The Young Lions, Irwin Shaw’s whopping novel about three very different World War II soldiers, was #10 on the 1948 bestseller list. However, it is clearly the best of that year’s novels by today’s standards. By comparison, the best of the rest are mediocre.
Shaw shows how people of different temperaments reach differently to war. Even though they may be equally good solders, some enjoy its challenges while others merely endure. War heightens their prewar personalities.
By contrast, the soldiers in Norman Mailer’s The Naked and the Dead are cogs in a wheel. The only thing that they have to recommend them is endurance. His men slog through the jungle the way they slogged through prewar life. They had no personalities to be heightened. Mailer’s book may be a truer picture of war, but it’s a depressing book.

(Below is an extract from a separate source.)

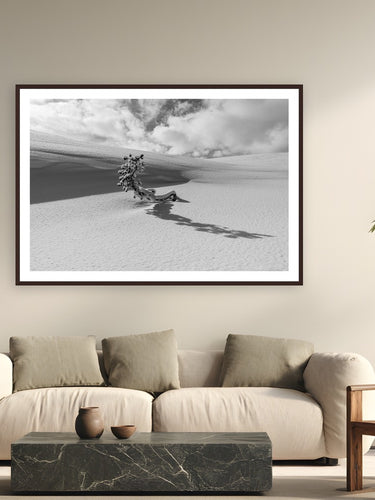 Lone Tree by Tom Ingram from Hayden Valley, Yellowstone National Park - framed black frame fine art photography displayed in a modern living room setting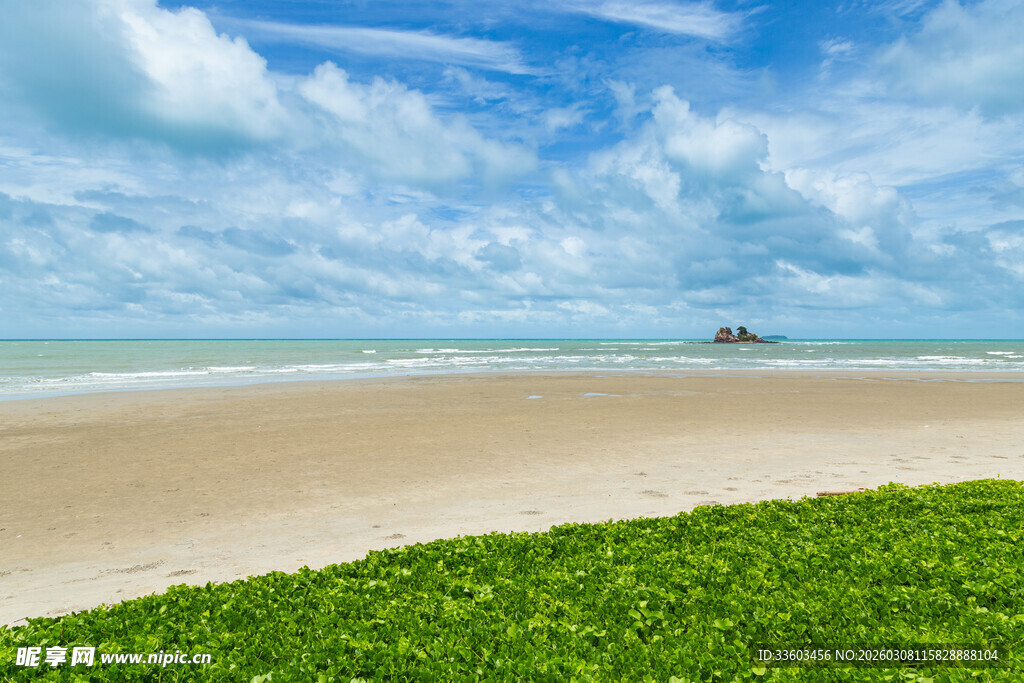 美丽海滩与翠绿植被景观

Also in the good-but-depressing category is Tomorrow Will Be Better by Betty Smith. Smith’s battlefield is a poor urban neighborhood where people fight to get a better life for their kids. Like Mailer’s soldiers, Smith’s city dwellers have nothing to recommend them but endurance.
The 1948 list has some decent escape reading. Dinner at Antoine’s (Frances Parkinson Keyes), The Bishop’s Mantle (Agnes Sligh Turnbull) and Pilgrim’s Inn (Elizabeth Goudge) fit in this category. Any of these is good take-on-vacation reading.